COLLECTED MATERIAL
+++
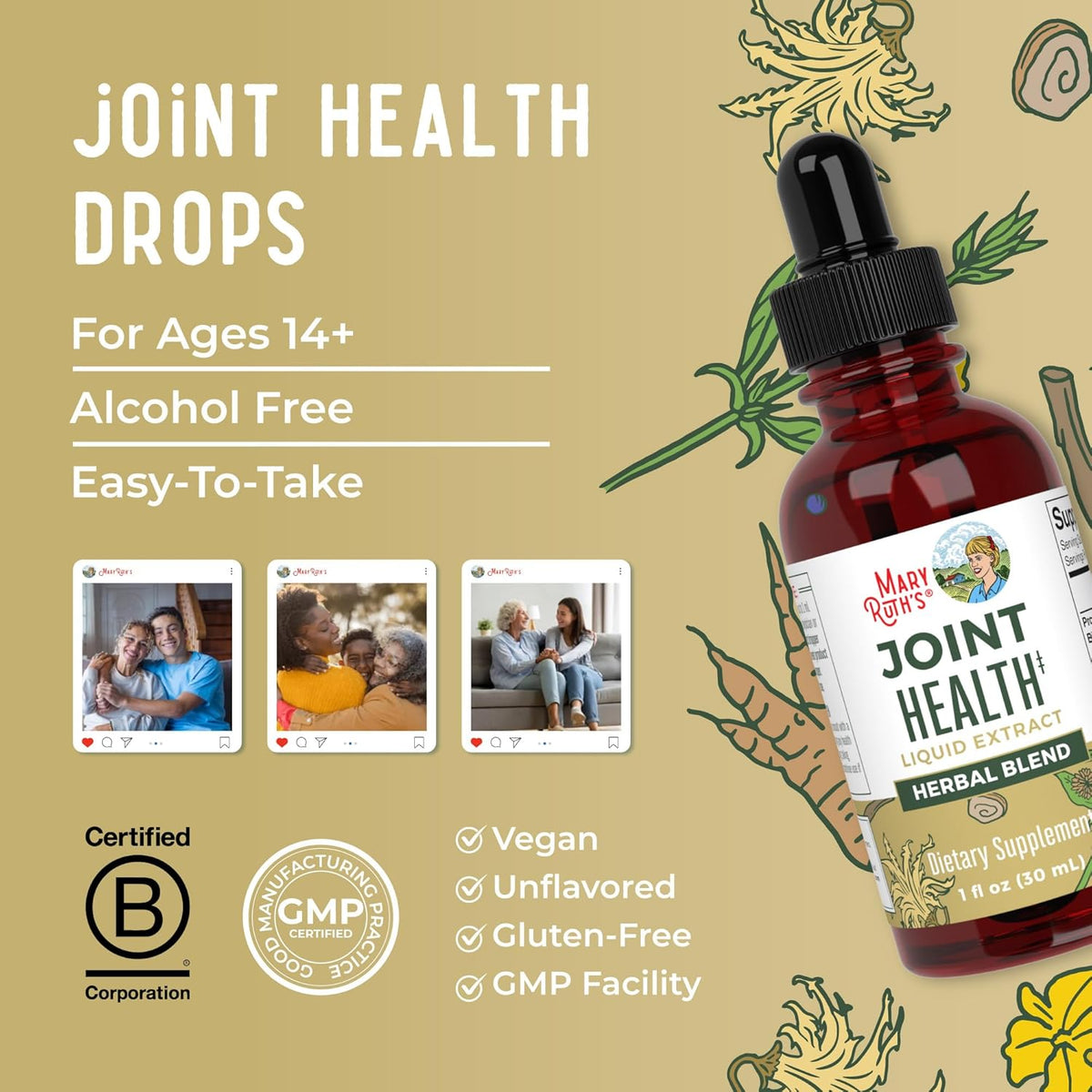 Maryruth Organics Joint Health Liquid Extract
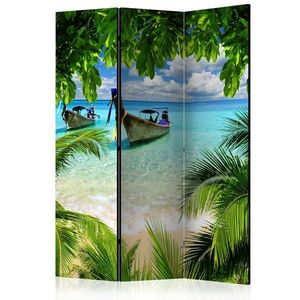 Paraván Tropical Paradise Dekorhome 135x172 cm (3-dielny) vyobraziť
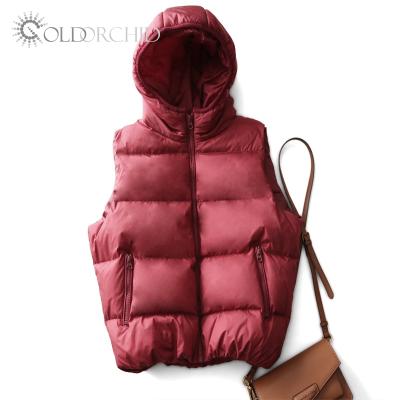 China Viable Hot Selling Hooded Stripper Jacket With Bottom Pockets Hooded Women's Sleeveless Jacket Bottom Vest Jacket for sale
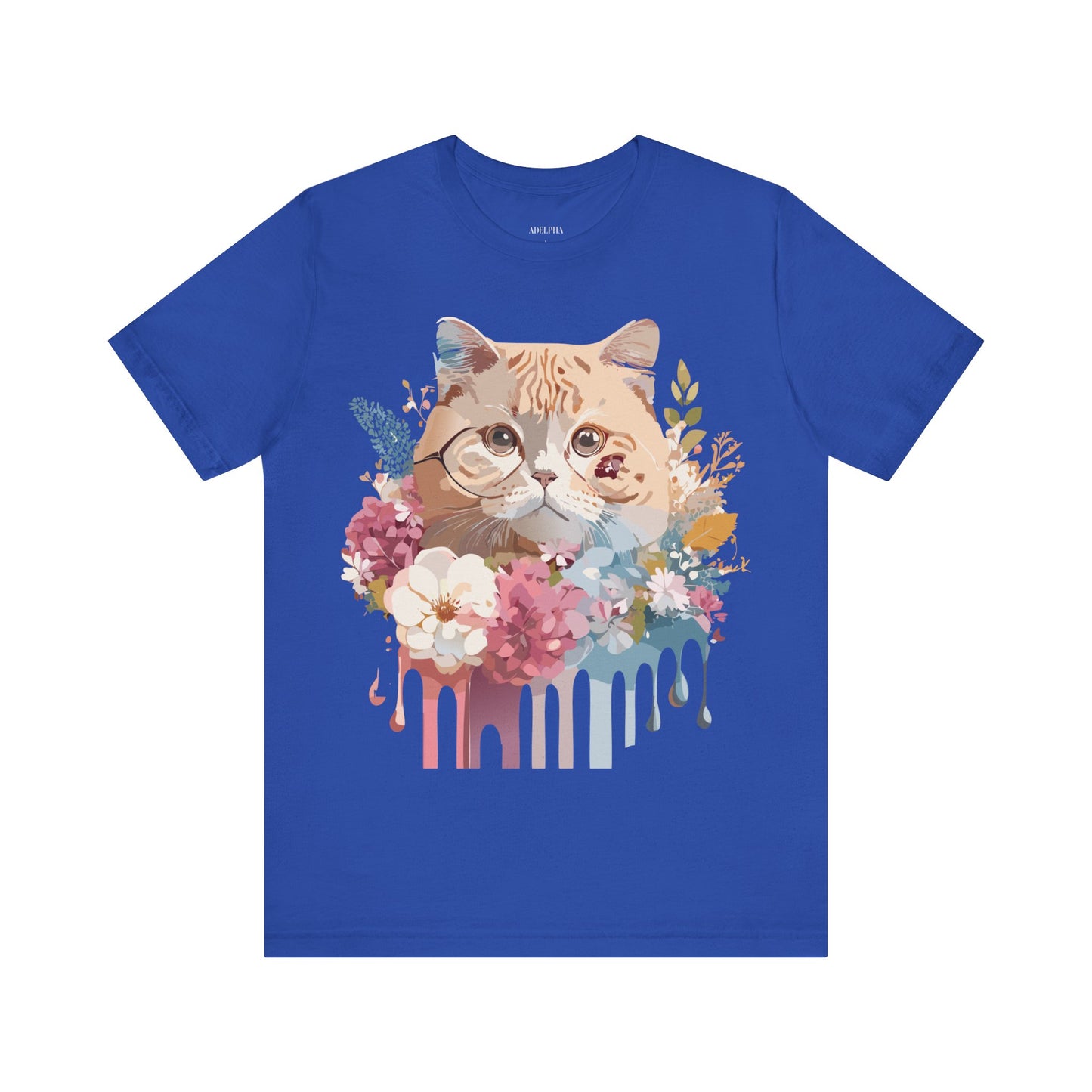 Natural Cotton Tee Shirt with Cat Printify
+++
WHAT YOU SHOULD DO
Reproduce the data in full. Do not carry over any picture.

ANSWER
 Maryruth Organics Joint Health Liquid Extract
 Paraván Tropical Paradise Dekorhome 135x172 cm (3-dielny) vyobraziť
 China Viable Hot Selling Hooded Stripper Jacket With Bottom Pockets Hooded Women's Sleeveless Jacket Bottom Vest Jacket for sale
 Natural Cotton Tee Shirt with Cat Printify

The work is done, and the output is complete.